On Tue, Mar 27, 2007 at 03:29:00PM -0800, Gary Winiger wrote:
> > 2.1.1. Definition
> >
> > The read_authorization property may optionally be added to any
> > property group of type application (SCF_GROUP_APPLICATION). It is
> > defined to be a string-valued property with zero or more values. Each
> > string value (if any) of this property will be interpreted as the name
> > of an rbac(5) authorization defined in auth_attr(4). A
> > read_authorization property which is not string-valued will not be
> > interpreted specially.
>
> I don't understand this last sentence. I thought that the
> read_authorization property was similar to method, modify, and
> value_authorizations in that its type was string.
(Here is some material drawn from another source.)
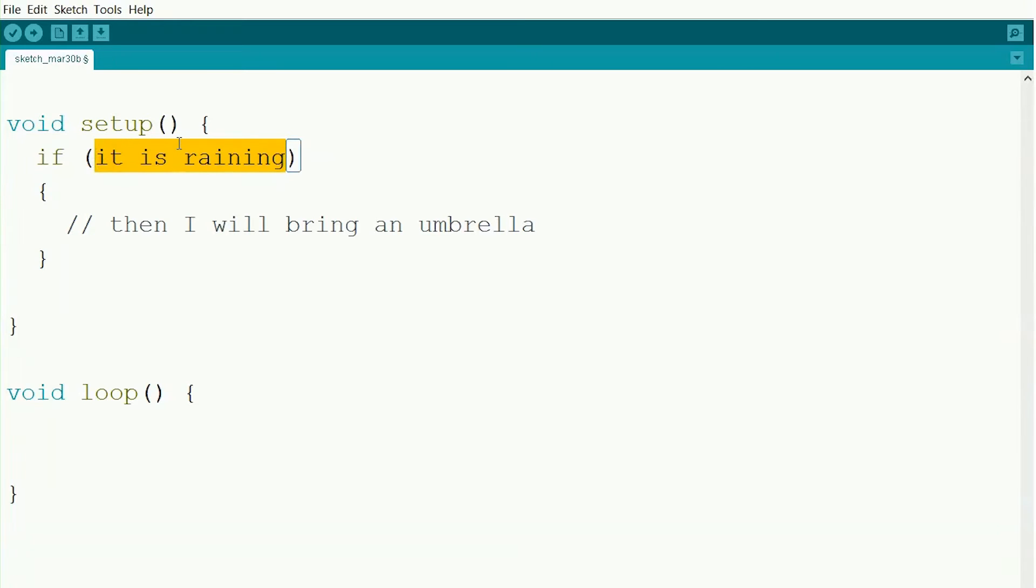Inside these parentheses we put our condition. So it might be something like if it is raining, if x equals 3, or our sensor is reading that the robot's close, something like that.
It is. Feedback indicated that the original expression was unclear,
that it could have been read to mean we would prevent the creation of
non-string-valued properties with these names. That is not how the
existing properties work, nor is it how we intend read_authorization
to work. To clarify this, we require that the property be
string-valued in order to be subject to the interpretation we define.
It is permitted, but not meaningful with respect to this case, to
create read_authorization properties with non-string types.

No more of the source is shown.